_TASK OBJECTIVE:_
The line containing "05_Blinders" marks the start. Restate it and every following line through the end of the records exactly, and nothing else, leaving out the pictures.

RECORDS SUPPLIED START

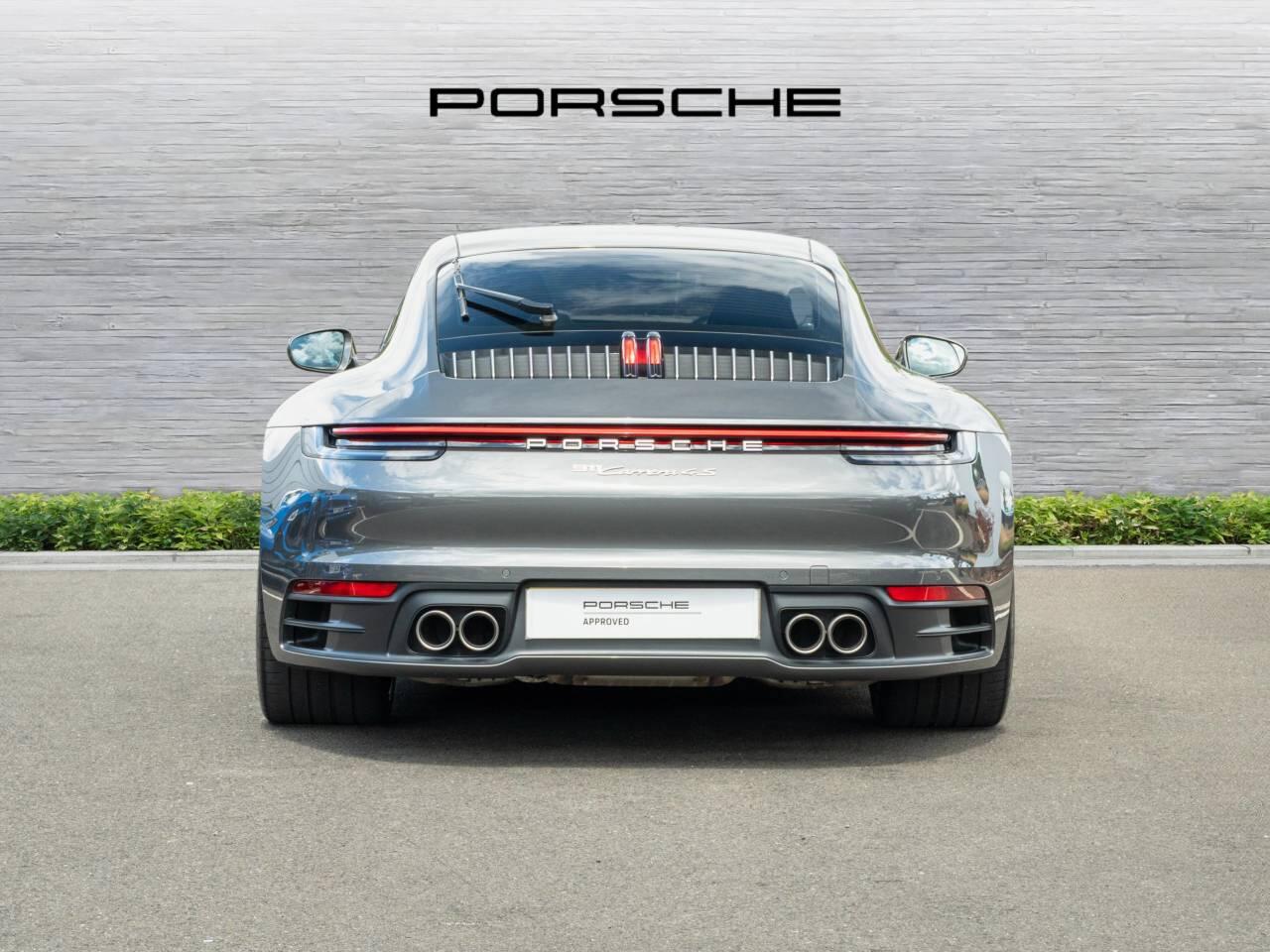 Porsche 911 view 7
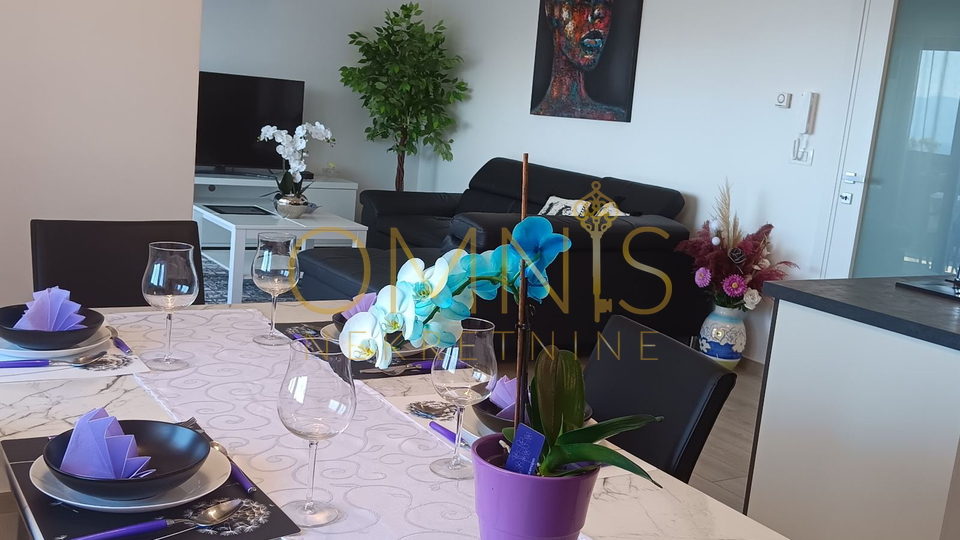 Kostrena - 2 bedrooms + living room with kitchen and dining area, 86 m2, terrace, for rent!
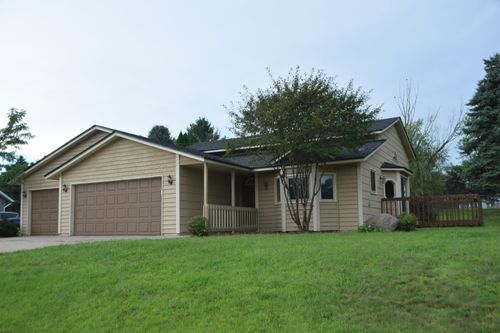 14844 Pineview Dr, Becker, MN, 55308-9213 | Card Image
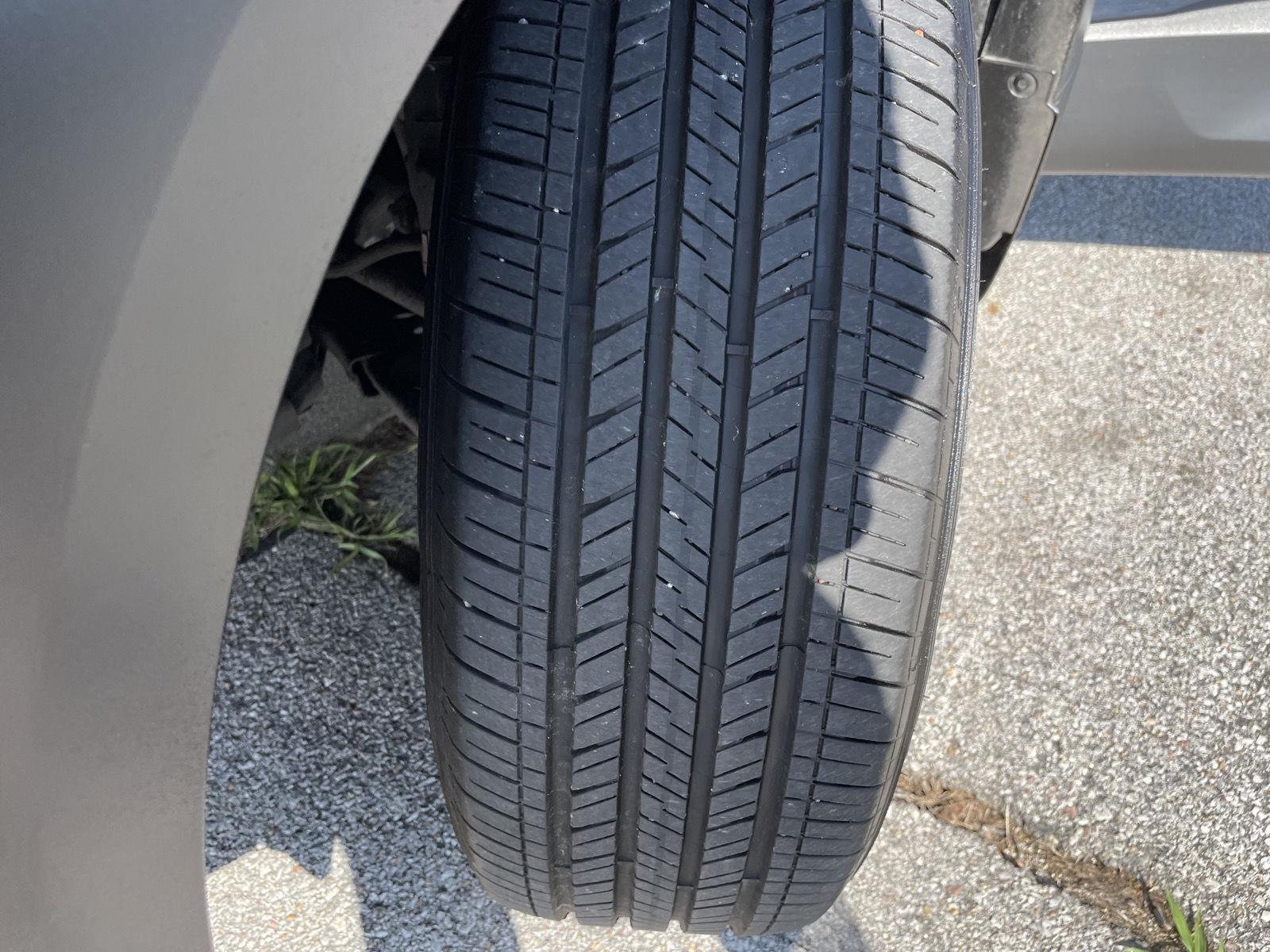 Vehicle photo 11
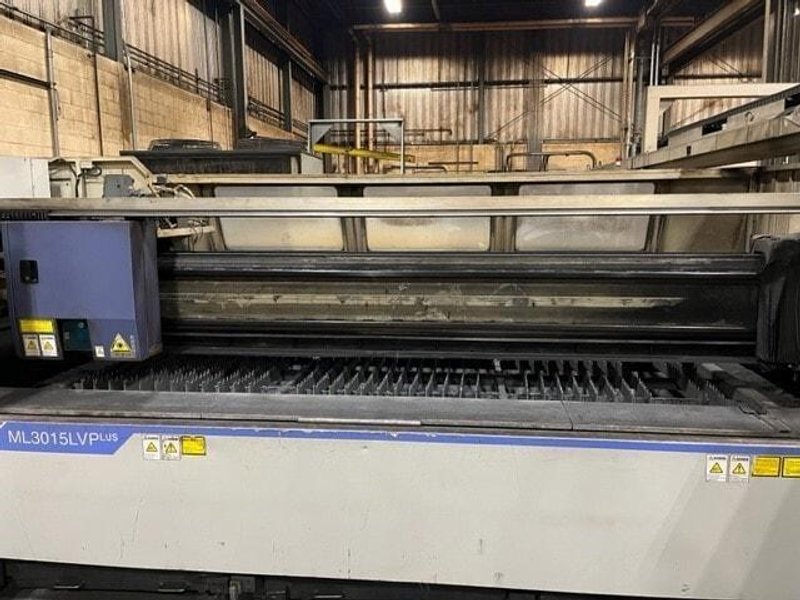 4000 Watt Mitsubishi ML3015 LVPlus, CO2 Laser, 2004- 5′ x 10′ Dual Shuttle Tables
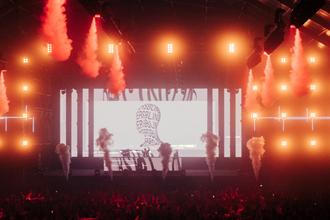 05_Blinders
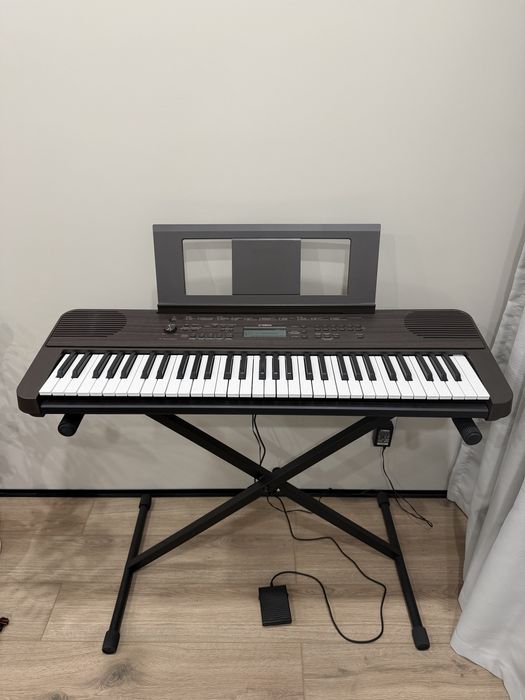 Yamaha PSR-E360DW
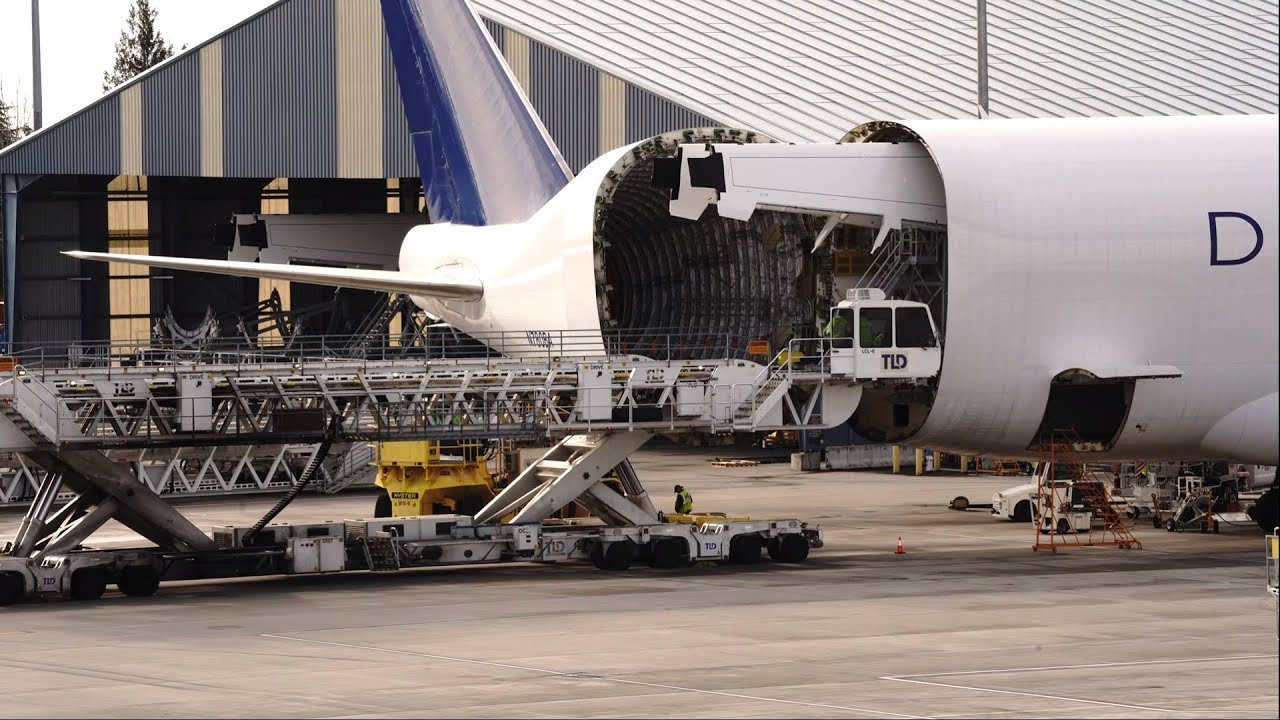 Dream Lifter 747 Boeing Factory Cargo Unloading & Take off
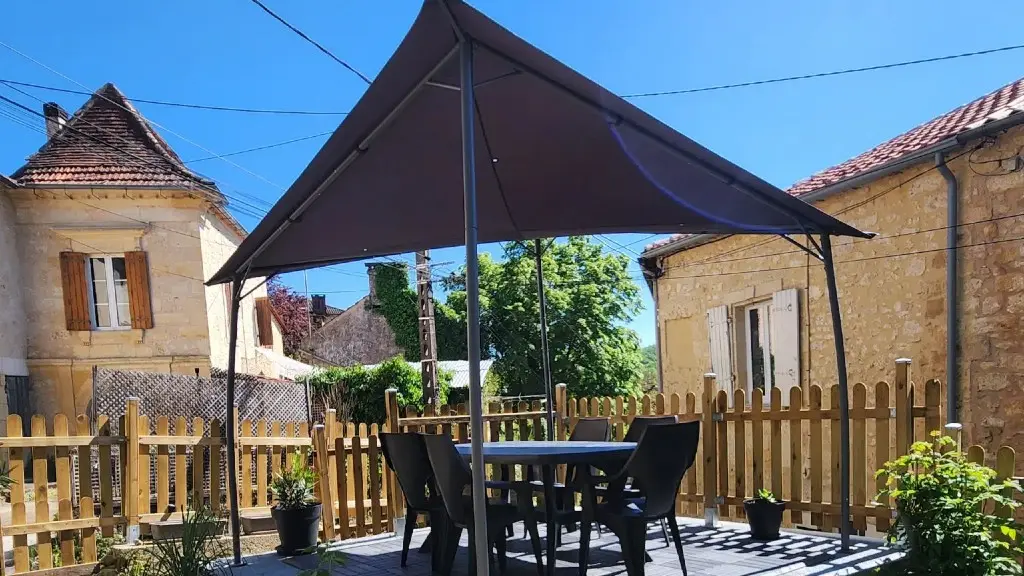 Les-CouzHotes-jardin-2-1-1536x1417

RECORDS SUPPLIED END

_ANSWER TO THE PROBLEM:_
 05_Blinders
 Yamaha PSR-E360DW
 Dream Lifter 747 Boeing Factory Cargo Unloading & Take off
 Les-CouzHotes-jardin-2-1-1536x1417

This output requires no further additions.